Maybe that's the reason it seems quiet here; there aren't even as many Latvians as there once were. Still, it makes for a safe and peaceful trip.






Tuesday 18 August 2015

#118 Home

“How was your swim?” I asked, knowing that the answer would be followed by five seconds of silence. To be fair, my housemate did have her earphones in. “What?” She said, pulling one of them out. “Oh sorry, I just asked how your swim was” I said. “Oh yeah good thanks” she replied, letting out a small sound followed instinctively by “excuse me”. “So, what do you think about this” she continued. “We were out last night and we were just chatting, just normally and we were talking about clothes and I said do you like my tshirt and he was like oh I don’t really wear tshirts and I was like, hmm that’s a bit odd and I guess it’s true, like I’ve never seen him wear a tshirt but still do you think that’s a bit weird?” “and rude and it annoyed you” I added “Yes! Exactly!” she said, pleased that I’d taken the bait. I quite often don’t. 

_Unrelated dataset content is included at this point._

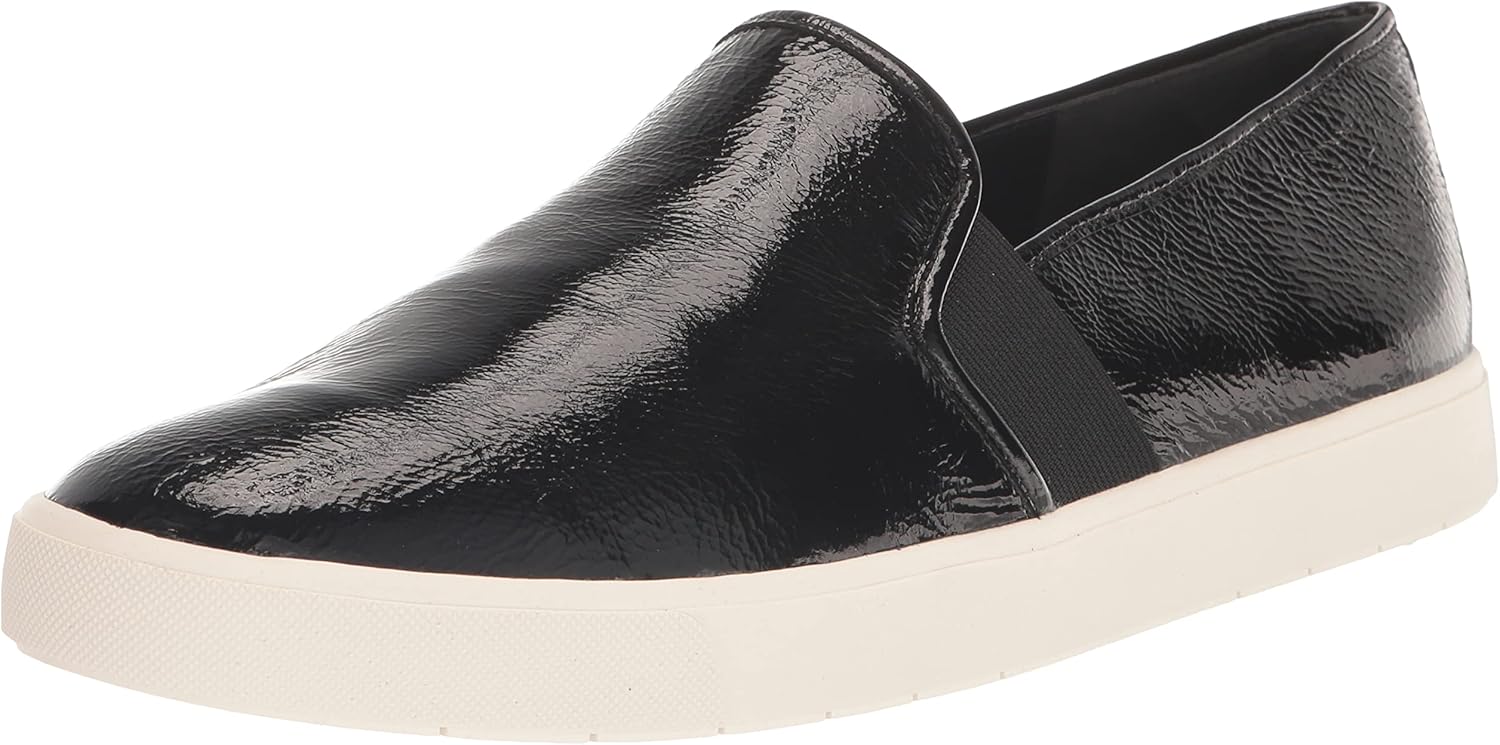 Vince Womens Blair Slip On Sneaker Black Crinkle Patent Leather 8 M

“HI DAN!” called Marc ever so slightly louder than necessary but not as loud enough to provoke a reaction. I wondered why he never said hi to Naino. “How’s your evening?” I asked. “Right, so I ordered a pizza, ok?” he said, pacing into the room and perching on the side of Naino’s sofa. She kept watching her show. “and I ordered it at six cause I have to go meet my friend at seven so I wrote in the comments box, ‘please deliver by 6:45, meeting friend at 7‘ right? It’s 6:50 now, and they just haven’t got in touch. Nothing.” “Did you try call-” I offered “Yeah, I spoke to them a couple of minutes ago, they say it’s five minutes away and I was like well that’s not good enough because how am I going to eat a whole pizza in ten minutes, when your delivery time says 45 minutes and I wrote clearly in the comments box, please deliver by 6:45“. “Like, I know, I know sometimes things are late but they could’ve at least picked up the phone and rang me because then I’d know where my food was, so then I know that I wasn’t going to eat it until I got back” “Rrrrr... it’s just really annoying how they don’t even bother to ring” he said, frustrated. 

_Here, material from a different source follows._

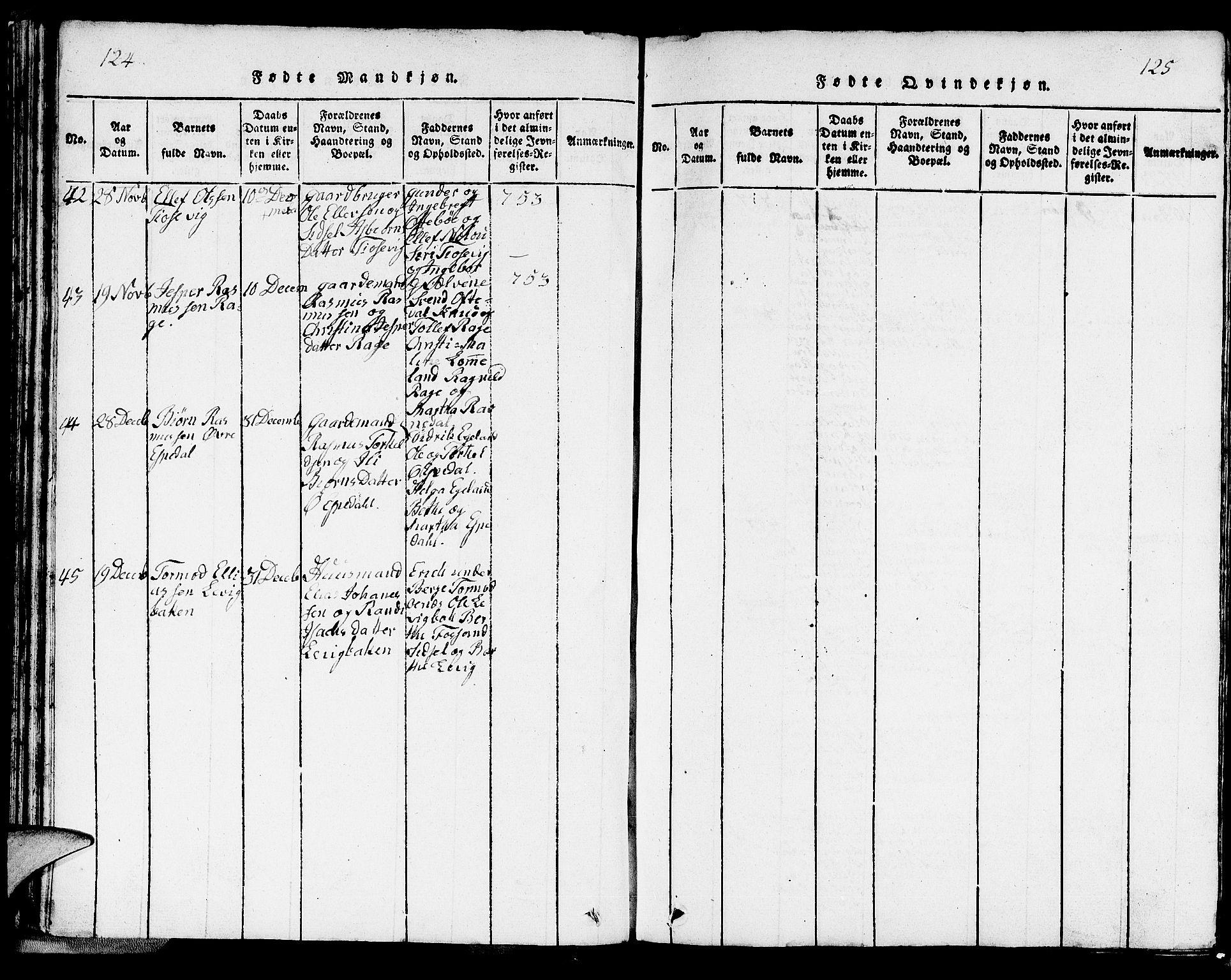 Strand sokneprestkontor, AV/SAST-A-101828/H/Ha/Hab/L0002: Parish register (copy) no. B 2, 1816-1854, p. 124-125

“How’re you?” Marc asked Naino, changing the subject. “How’re you Naino?” He said, slightly louder, looking at me to make sure I’d witnessed the fact that she wasn’t responding. Giving up, he got up off the arm of the sofa and walked back into the kitchen to look out of the window for the moped.

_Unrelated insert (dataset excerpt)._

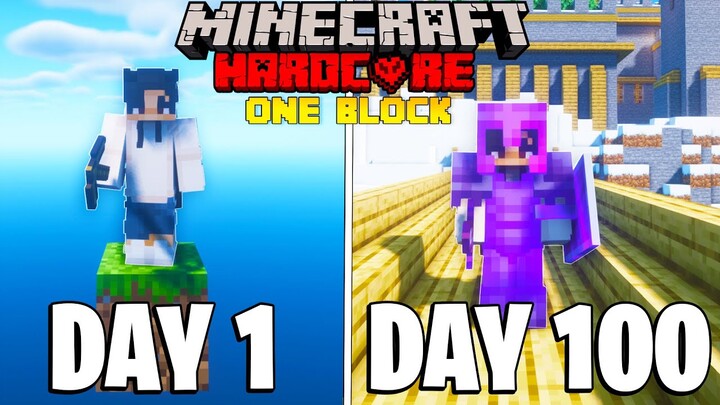 I Survived 100 Days on ONE BLOCK in Hardcore Minecraft...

None of this actually happened.

#117 Work

This October, I will have been at PwC for nine years. It’s not a small amount of time. From that point of view, my first main job after university has gone relatively well. I think I am proud of that. I suppose I may as well be. Proud is a strong word though. Pleased might be a better one. A favourite movie quote of mine is from Ace Ventura When Nature Calls, where Jim Carrey’s character, after becoming a spiritually enlightened being, declares that pride is “an abomination of the soul”. I do like that quote.

During the last few years, my performance hasn’t really met the expectations of some, although not all, of my managers all that well. I enjoy certain elements of the job. Analysis. Technical writing. I’m less good when it comes to verbal communication and making decisions under pressure. 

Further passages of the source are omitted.